Wednesday, 15 May 2013
LAST UPDATED: 05/15/2013 20:02
A homeless man lies on a sidewalk Photo: Marc Israel Sellem
Israel has the highest rate of poverty of all developed countries, according to a report released by the 33-nation Organization for Economic Cooperation and Development (OECD) on Wednesday.
The OECD found that Israel's poverty rate stands as almost 21%.
It also put Israel at fifth place among countries with the widest gaps between rich and poor, after Chile, Mexico, Turkey and the United States, while Iceland, Slovenia, Norway and Denmark were the most egalitarian societies.
Labor MK and one of the leaders of the summer 2011 protests, Itzik Shmuli addressed the report and said it is “the result of a failed policy that not only left Israel with a budget hole of NIS 42 billion but also placed it at the top of the poorest countries.”
“This report only reinforces what we have all been feeling in our stomach for a while: there are too many poor among us and the gaps between the haves and the have-nots are increasing,” he said.
“Even the inflated cleaning and makeup budget of the Prime Minister’s residence fails to blur this sad and shameful reality,” Shmuli added, “The Finance Minister should wake up and realize that his plan is worsening the situation further and puts another 50,000 children and 20,000 elderly below the poverty line.”
Opposition leader Shelly Yacimovich (Labor) said the report's findings are a severe warning sign to the government that "just yesterday approved an economic plan that will add many more to poverty."
"Unfortunately, the economic plan includes things that create poverty instead of solutions to get out of poverty," Yacimovich said. "Decreasing the rates of poverty is a national goal, that needs to be measured, and we should fight for it.

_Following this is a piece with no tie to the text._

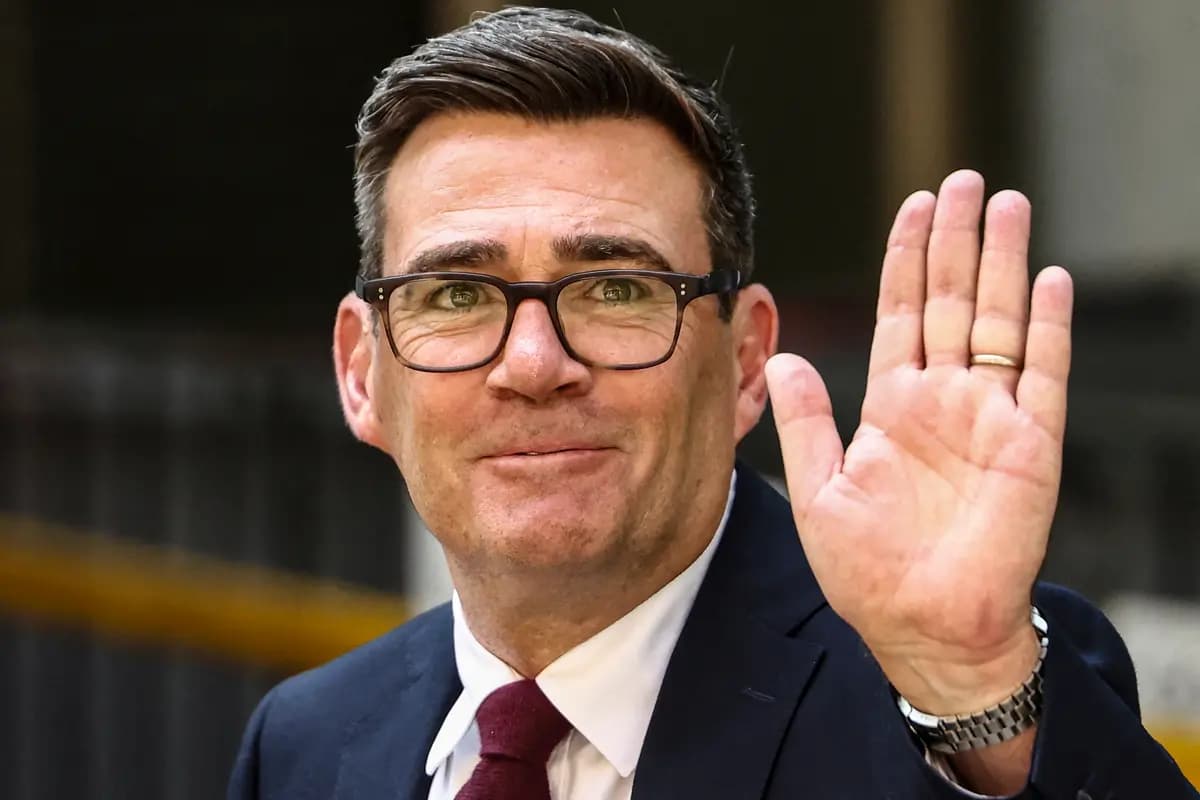 <em>Andy Burnham saluda al salir de la "Conferencia Especial" del Partido Laborista, donde fue confirmado como el nuevo líder del partido y próximo primer ministro del país, en el centro de Londres el 17 de julio de 2026. (Toby Shepheard/AFP vía Getty Images).</em>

It's not any less important than inflation or the deficit."
“These worrying findings underline the need to protect the most vulnerable in society, especially as governments pursue the necessary task of bringing public spending under control,” said OECD Secretary-General Angel Gurría.
He added that governments should not neglect fairness when they craft their policies, especially when they reform their tax systems.
A growing divide between rich and poor risks will yawn still wider if cash-strapped governments keep cutting back the welfare state, the Paris-based think-tank warned.
Weighing into a debate on inequality in developed countries, the OECD said welfare spending had mitigated an increase in the wealth gap that emerged with the 2008-2009 financial crisis, but that was running out.
Excluding social transfers and taxes, income inequality rose more in the three years to the end of 2010 than in the previous 12 years, a report by the Paris-based think-tank found.
"As the economic and especially the jobs crisis persists and fiscal consolidation takes hold, there is a growing risk that the most vulnerable in society will be hit harder as the cost of the crisis increases," it said.
With many developed countries facing the pinch of austerity, economic inequality has become a hot topic especially after an ECB study last month found that households in many peripheral euro zone countries are on average wealthier than those in the bloc's core due to higher levels of home ownership.
Long a staunch advocate of free-market reforms shunned by some left-wingers, the OECD has become an increasingly vocal supporter of the welfare state for its capacity to soften the blow of hard economic times.
The study said the pain of the crisis was unevenly spread. Poorer households either lost more income from the recession or benefited less from recovery. Children and young people suffered more than the elderly, whose incomes were relatively immune.